Following the American Civil War Sesquicentennial with day by day writings of the time, currently 1863.

Post image for An Artilleryman’s Diary–Jenkin Lloyd Jones

An Artilleryman’s Diary–Jenkin Lloyd Jones

November 18, 2013

An Artilleryman's Diary–Jenkin Lloyd Jones, 6th Battery, Wisconsin Artillery.

Sequatchie Valley, Ala., Wednesday, Nov. 18. Reveille sounded before dawn and we were ordered to prepare to march, but they knew not at what hour. All baggage that could be spared was ordered to be left with camp guard.
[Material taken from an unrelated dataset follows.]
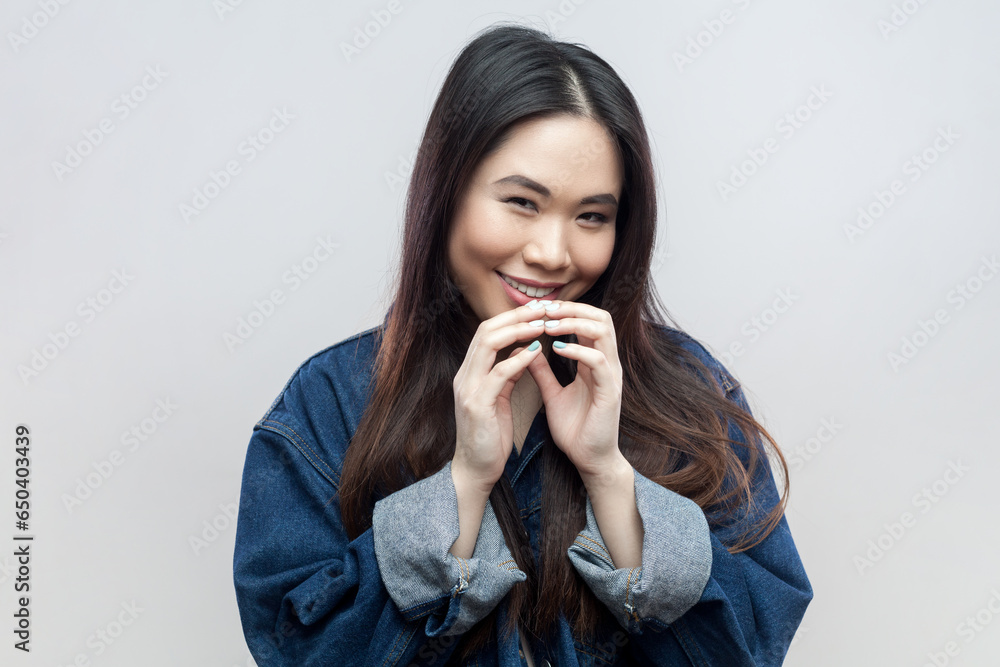 Portrait of mysterious brunette woman in blue denim jacket has interesting plan in mind, intention doing something, everything goes according scheme. Indoor studio shot isolated on gray background. Portrait of mysterious brunette woman in blue denim jacket has interesting plan in mind, intention doing something, everything goes according scheme. Indoor studio shot isolated on gray background.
The knapsacks were to be left, but as the cannoneers did not feel disposed to lose all of them as at Vicksburg, they all strapped them on their backs to “tote ’em”. Failed to draw but one load of forage, so a vacant wagon was left and the knapsacks packed in much to the satisfaction of all. Hitched up at 6 A. M. Marched on to the hill where the infantry were encamped. The 2nd and 3rd Brigades had started, leaving tents standing. We were in the rear and compelled to lie in the road until 2 P. M. In the meantime a large mail was distributed. I received four letters, all from home, which of course were very acceptable. Moved down to the river where our Division had been crossing all day on the pontoon. No more than four wagons allowed on at a time, hence a tedious job. 4 P. M. we moved on to it. It consists of a firm scow boat anchored every sixteen feet and stringers laid across, over which were laid twelve-foot plank. It was narrow and shaky, but a tight rein and careful driving brought us over all safe. Had to cross two of them, an island occupied by Hooker’s men in the middle of the river. Men busy at work on R. R. bridge, but not near finished. Came to a halt two miles from the river and lay there over an hour to wait for the train to cross. Large fires were built and the infantry cooked their coffee in their little cans. It was quite dark before the bugle sounded and we marched on at a brisk rate till 9 P. M. Our road lay through the Sequatchie Valley, which was pretty well under cultivation, watered by a large stream coming out of the solid rock a few yards above us, one spring furnishing water enough to run a flouring mill. A large cave was close by, which is reported to be a curiosity, thirteen miles long, out of which saltpetre is dug, but I could not visit it. Unhitched our weary and hungry horses having had nothing but two quarts of corn all day, and but a scant feed last night. Made our bed in the open air and piled in supperless.